Rainer Nowak: Journalist, Chefredakteur und die Chat-Affäre im Überblick
Rainer Nowak gehört seit Jahrzehnten zu den bekanntesten Medienfiguren Österreichs. Als Journalist, Chefredakteur, Herausgeber und späterer Geschäftsführer der traditionsreichen Tageszeitung Die Presse prägte er den politischen Diskurs des Landes maßgeblich mit. Doch neben seinen beruflichen Erfolgen rückten auch private Details, politische Verflechtungen und die viel diskutierte Chat-Affäre rund um Thomas Schmid in das öffentliche Interesse. Wer ist Rainer Nowak wirklich? Wie verlief sein Weg an die Spitze der österreichischen Medienlandschaft? Welche Rolle spielte seine Lebensgefährtin Valerie Hackl? Und was steckt hinter oft gesuchten Begriffen wie „Rainer Nowak Scheidung“, „Rainer Nowak Kabarettist“ oder „Rainer Nowak Krone“?
Dieser ausführliche Artikel liefert eine umfassende Einordnung.
Wer ist Rainer Nowak? – Ein Überblick
Rainer Nowak wurde am 25. November 1972 in Innsbruck geboren. Er wuchs in Tirol auf und begann früh, sich für Politik und Medien zu interessieren.

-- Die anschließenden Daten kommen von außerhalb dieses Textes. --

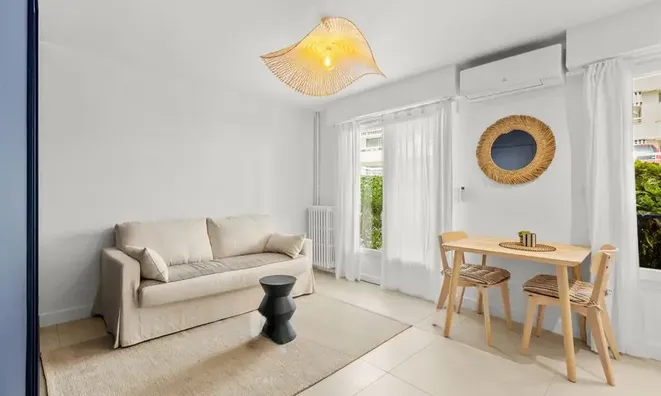 Недвижимость Villa Pointe Croisette: 1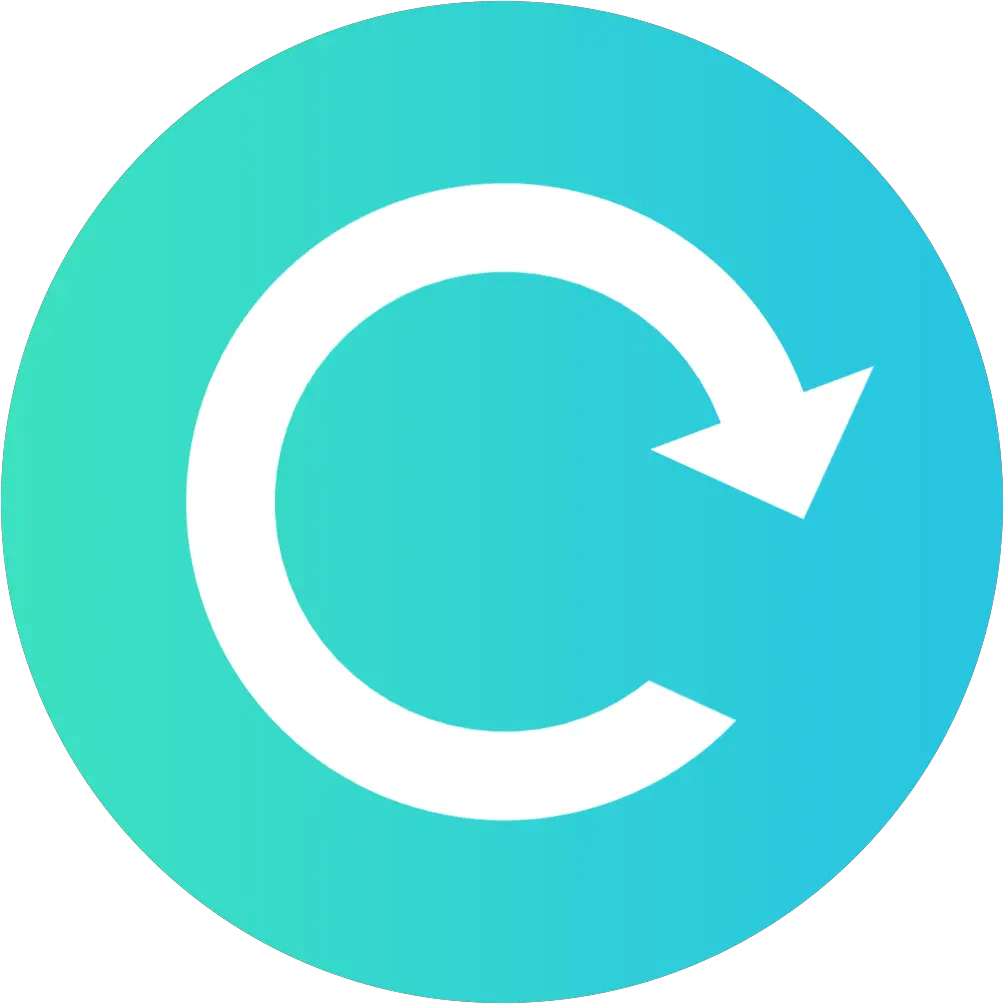 Government Geonostics Png Restart Icon Png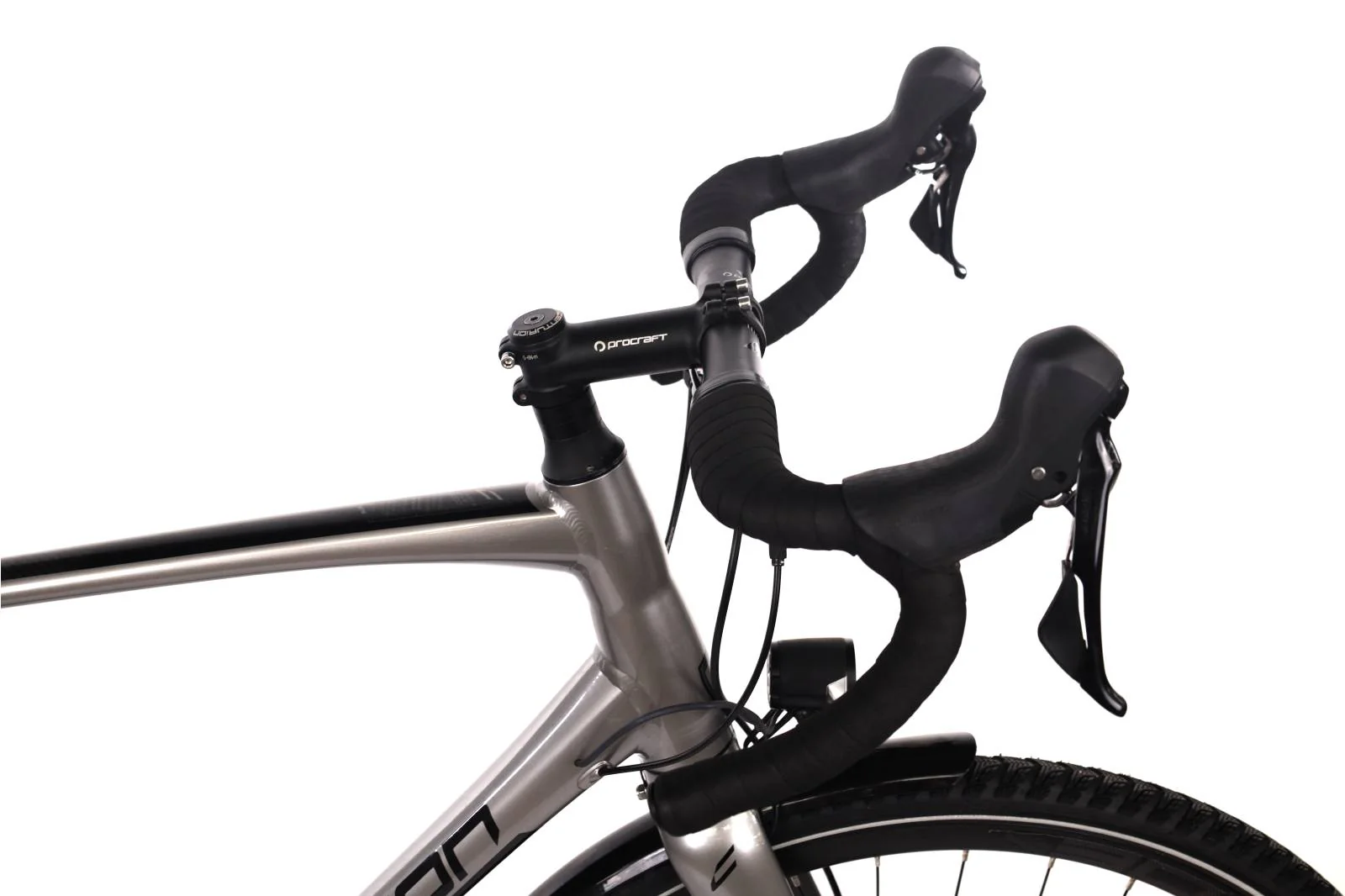 Centurion Crossfire Gravel 2000 EQ - Image 11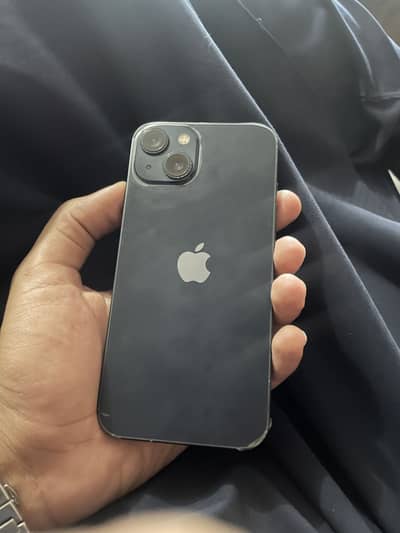 Apple iPhone 13 factory unlock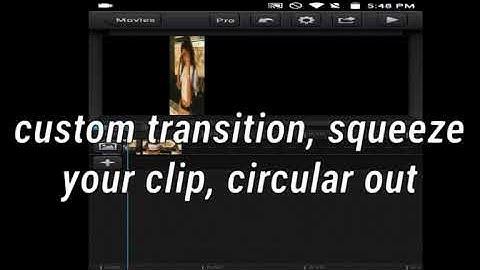 Squeeze Transition Tutorial//Cute Cut & CCP ((Read Desc.))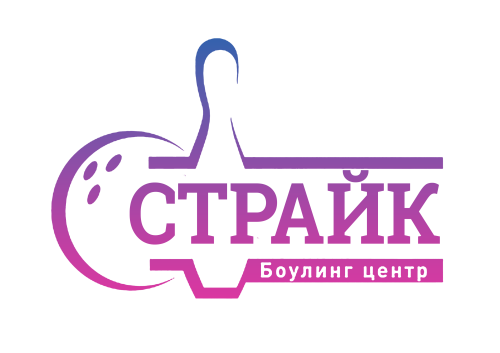 ЛОГОТИП СТРАЙК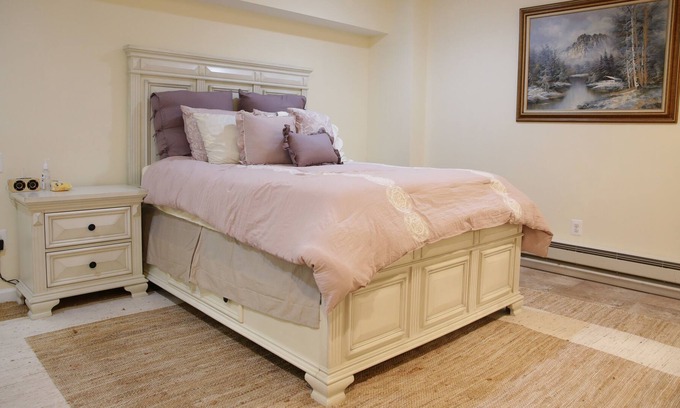 Jamesburg Apartment | Monthly rent in Monroe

Seine Journalistische Karriere startete er als freier Mitarbeiter, bevor er Mitte der 1990er-Jahre zur Tageszeitung Die Presse wechselte.
Dort durchlief er zahlreiche Stationen: vom Redakteur über den Ressortleiter bis hin zu einer der wichtigsten Positionen, die ein Journalist in Österreich erreichen kann. Seine Arbeit war geprägt von politischer Analyse, pointierten Kommentaren und einem klar liberal-bürgerlichen Zugang zur Innenpolitik.
Mit den Jahren wurde Nowak zu einer der prägenden Stimmen des Landes – sowohl innerhalb der Zeitung als auch in öffentlichen Debatten. Seine Kolumnen und Interviews wurden regelmäßig breit rezipiert.
Rainer Nowak als Chefredakteur von Die Presse
Im Jahr 2012 übernahm Rainer Nowak die Chefredaktion von Die Presse. Später wurde er zusätzlich Herausgeber und Mitglied der Geschäftsführung. In dieser Doppelrolle hatte er nicht nur redaktionellen Einfluss, sondern auch strategische und wirtschaftliche Verantwortung.
Seine Zeit als Chefredakteur war geprägt von folgenden Aspekten:
1. Politische Positionierung
- Die Zeitung blieb unter seiner Führung klar liberal-bürgerlich.
- Er setzte verstärkt auf politisch-analytische Kommentare und pointierte Meinungsstücke.
- Seine persönliche Nähe zu politischen Akteuren war immer wieder Thema in Kritik und Diskussion.
2. Digitalisierung
- Ausbau der digitalen Angebote.
- Stärkere Positionierung der Presse als Qualitätsmedium auch online.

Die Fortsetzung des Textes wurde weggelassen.